How to form diatonic chords of D flat major scale?
D Flat Major Scale
D♭ – E♭ – F – G♭ – A♭ – B♭ – C – D♭ are the notes of the D flat major scale.
Diatonic chords are formed by stacking two generic third notes above each scale note.
D Flat Major Diatonic Chords
These are the seven major scale diatonic chords that come from the D flat major scale.
Each major scale diatonic chord is labelled with a roman numeral number, and follows the same pattern:
I, ii, iii, IV, V, vi, viiº
We use uppercase roman numeral numbers to represent major chords, lowercase to represent minor chords, uppercase with a small plus sign to represent augmented chords, and lowercase with a small circle to represent diminished chords.
First, fourth and fifth chords of a major scale will always be major chords. Second, third and sixth chords of a major scale will always be minor chords. Seventh chord of a major scale will always be diminished chords.

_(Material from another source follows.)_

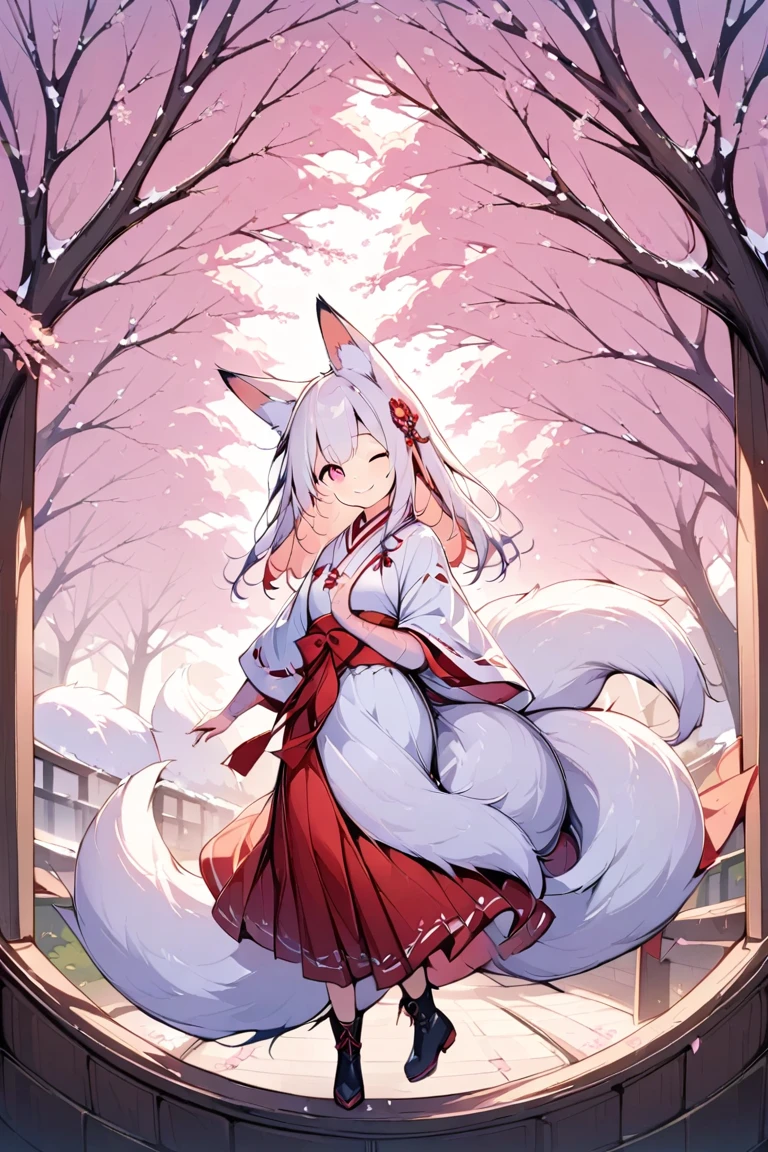 1人の可愛いFox earsの少女,(Best Quality,Very detailed depiction, incredible high resolution , anatomically accurate depiction ,High quality anime drawings),(White fox girl ),(Elegant shrine maiden outfit,Red Hakama,boots, hair ornaments with cherry blossom motifs are fluttering),(Long white hair,Fox ears:1.3,Ruby Eyes,Eyes half closed,Cute smile, pottery skin, white and fluffy fox tail ),(Full body image),Bright atmosphere,Under the cherry tree,Cherry Blossom Snowstorm,A transparent picture,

The seven diatonic chords formed from the key of D flat major are:
I. D♭ – F – A♭ (D Flat major chord)
ii. E♭ – G♭ – B♭ (E Flat minor chord)
iii. F – A♭ – C (F minor chord)
IV. G♭ – B♭ – D♭ (G Flat major chord)
V. A♭ – C – E♭ (A Flat major chord)
vi. B♭ – D♭ – F (B Flat minor chord)
viiº. C – E♭ – G♭ (C diminished chord)
These are the chords that are diatonic to the D flat major scale. They are directly related to the D flat major key and make a harmonic sound for music in the same key.